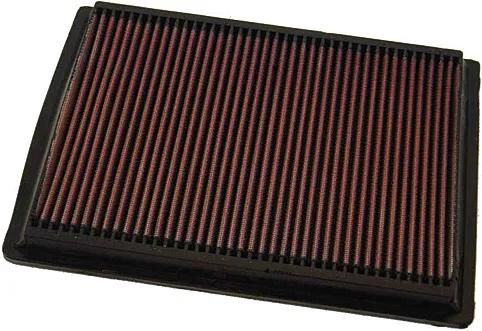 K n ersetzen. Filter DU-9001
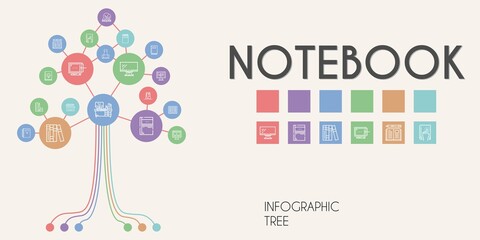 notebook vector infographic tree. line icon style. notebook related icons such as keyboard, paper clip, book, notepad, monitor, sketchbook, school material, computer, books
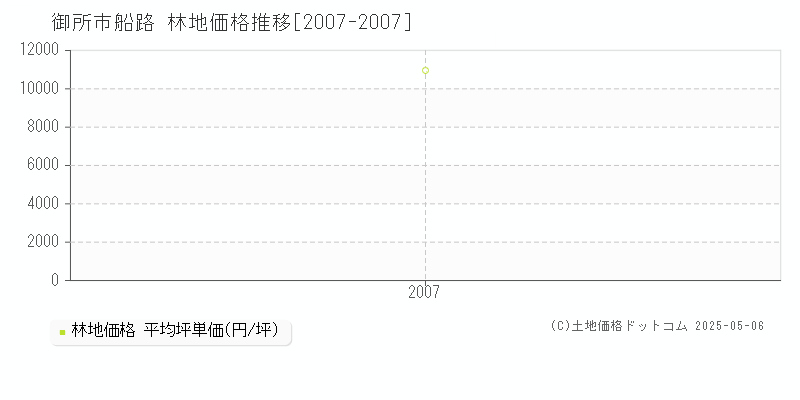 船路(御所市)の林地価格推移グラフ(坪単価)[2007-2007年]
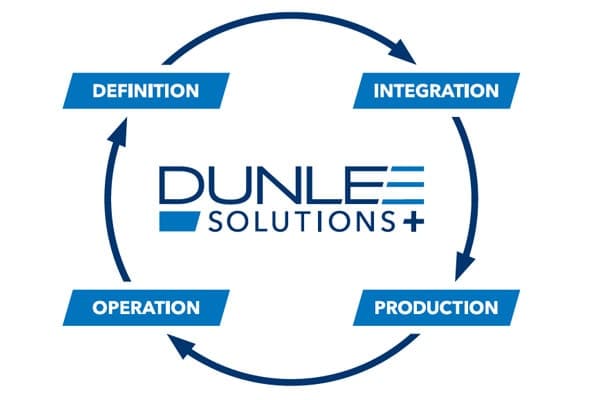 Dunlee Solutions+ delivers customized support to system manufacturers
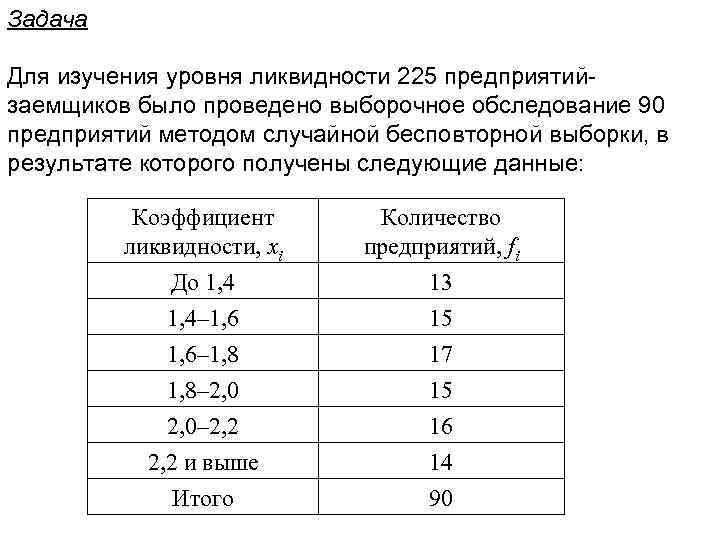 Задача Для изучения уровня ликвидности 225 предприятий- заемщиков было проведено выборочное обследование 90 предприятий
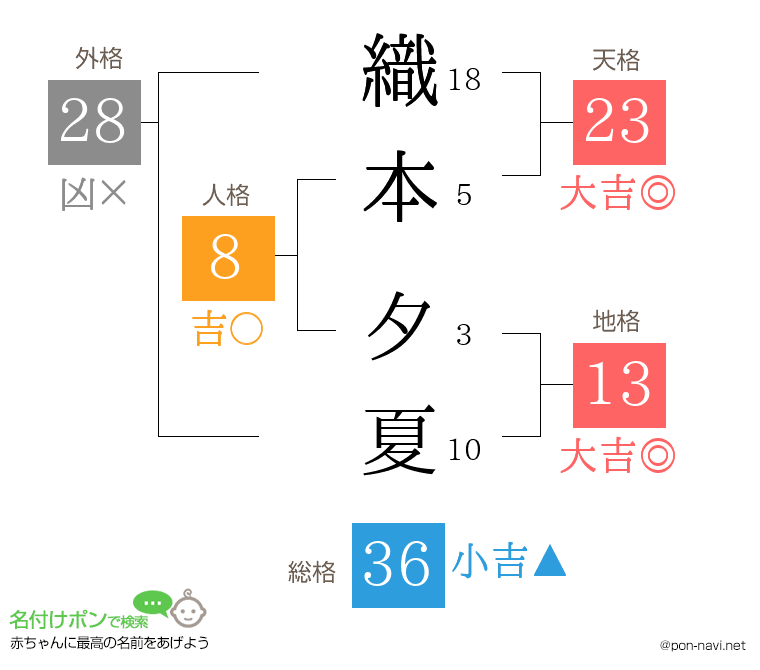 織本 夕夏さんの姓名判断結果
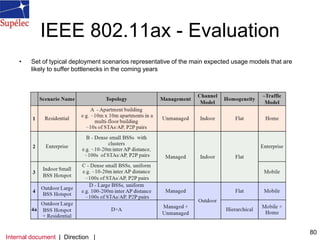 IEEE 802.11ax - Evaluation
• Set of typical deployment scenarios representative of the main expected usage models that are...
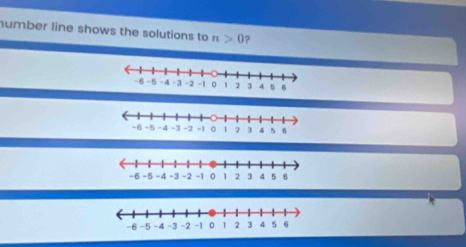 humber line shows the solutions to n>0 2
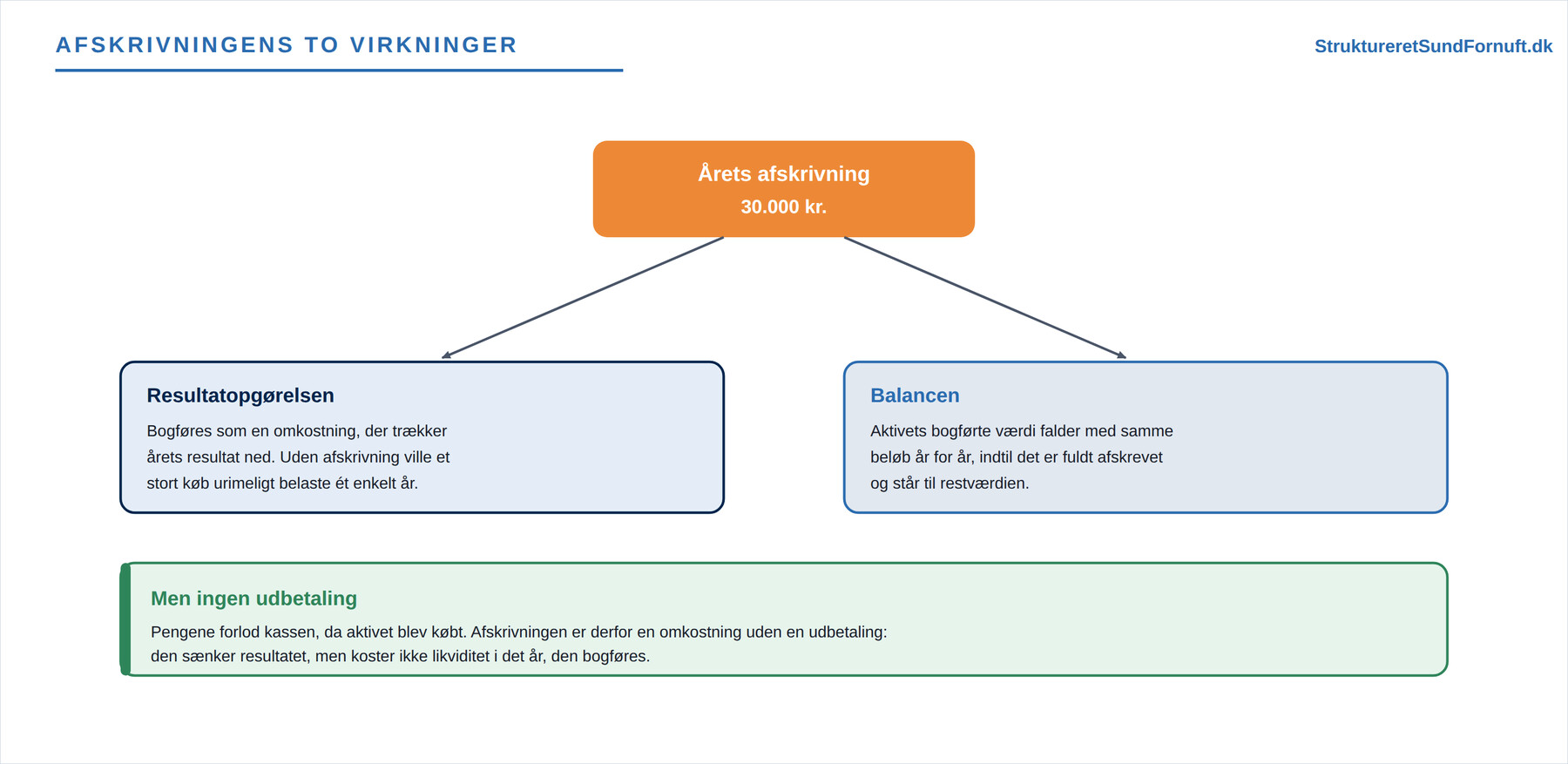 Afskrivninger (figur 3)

= = = =

An exact copy of the lines above, from the first through the line that holds "船路(御所市)の林地価格推移グラフ(坪単価)[2007-2007年]", is what is needed; leave the pictures out.

 K n ersetzen. Filter DU-9001
 notebook vector infographic tree. line icon style. notebook related icons such as keyboard, paper clip, book, notepad, monitor, sketchbook, school material, computer, books
 船路(御所市)の林地価格推移グラフ(坪単価)[2007-2007年]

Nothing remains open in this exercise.